Au-delà, comment croire qu’une nouvelle aventure guerrière sous commandement états-unien pourrait résoudre quoi que ce soit ? Depuis dix ans, ce type de stratégie politique et militaire promue par les faucons de Washington a révélé, partout, son ruineux échec.
En réalité, dans le cas syrien, une intervention occidentale n’aurait pour effet que d’aboutir à entériner la partition du pays. S’ensuivrait une période chaotique où, à l’instar de ce qu’on a vu en Afghanistan avant l’arrivée des talibans, ou actuellement en Irak, voire en Libye, des milices armées feraient la loi dans leurs sphères d’influence. Le pire serait le scénario de l’embrasement régional, auquel nul n’a intérêt.

Nous partageons avec les forces de l’opposition de la gauche laïque et nationaliste syrienne – boycottée par les Occidentaux –, notamment la Coordination nationale pour le changement et la démocratie (CNCD) et le Forum démocratique syrien (FDS), la ferme conviction que toute forme d’ingérence étrangère et le déchaînement du délire guerrier des États-Unis et de leurs alliés en Syrie constitueraient la pire des solutions pour mettre un terme au conflit.

Face à la perspective d’une escalade guerrière, nous exigeons la mise en place d’une solution politique qui préserve l’intégrité territoriale du pays et la pleine souveraineté politique du peuple.
Une telle solution est possible. Elle doit voir le jour dans le cadre de la seule institution internationale légitime, l’ONU, et des accords de Genève 2, qui prévoyaient un ­cessez-le-feu et une transition politique négociée visant à remettre le destin de la Syrie entre les mains de son peuple, via des élections libres et transparentes.

Alors que le G20 – instance qui ne saurait se substituer à l’ONU pour régler cette crise internationale – s’ouvre à Saint-Pétersbourg (5 et 6 septembre), Barack Obama est en difficulté. Bousculé par la décision du Parlement anglais de ne pas autoriser David Cameron à engager son pays dans une nouvelle aventure guerrière, et parce qu’il ne souhaite pas prendre une décision impopulaire qui permettrait aux Républicains de le critiquer sans que ces derniers aient eu à assumer une part de responsabilité politique, le président américain a choisi de consulter le Congrès avant de prendre sa décision finale sur une intervention militaire en Syrie.

Celle-ci interviendrait désormais dans quelques jours.

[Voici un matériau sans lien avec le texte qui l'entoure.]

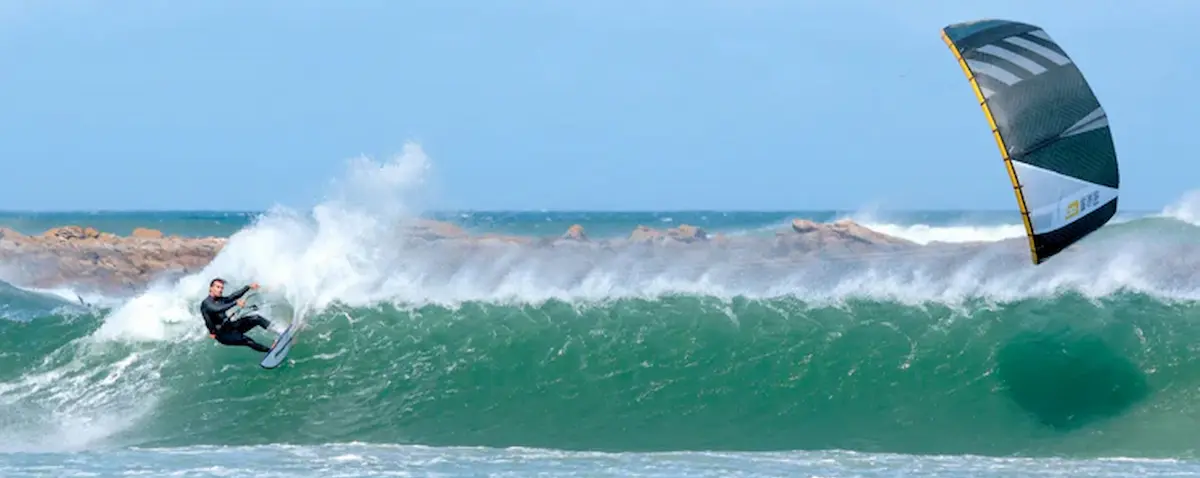 Cursos y Alquiler de kitesurf en Huelva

François Hollande serait bien avisé de mettre à profit ce répit fragile pour sortir la France de son suivisme atlantiste qui outrage la tradition politique et diplomatique de notre pays. Il le peut encore. Bien sûr, nous constatons qu’il n’en montre pas la moindre volonté pour le moment. Le président de la République a refusé d’organiser un débat suivi d’un vote au Parlement comme il aurait pu – et dû – le faire. Ce faisant, il est le seul chef d’État ayant décidé, le cas échéant, d’engager de cette manière son pays dans la guerre. Triste singularité qui inscrit l’action de François Hollande dans une funeste continuité avec celle de Nicolas Sarkozy « l’Américain ».

Nous délivrons ce message au Président et à son gouvernement : le rôle de notre pays n’est pas d’être servilement inféodé à l’Otan et à Washington, mais de recouvrer son indépendance d’action. La France doit rejeter les logiques guerrières fondées sur les rapports de forces et sur le droit du plus fort, promues par les puissances de la famille dite « occidentale » à laquelle elle n’appartient pas, et œuvrer à une solution universaliste basée sur le renforcement et le développement du droit international.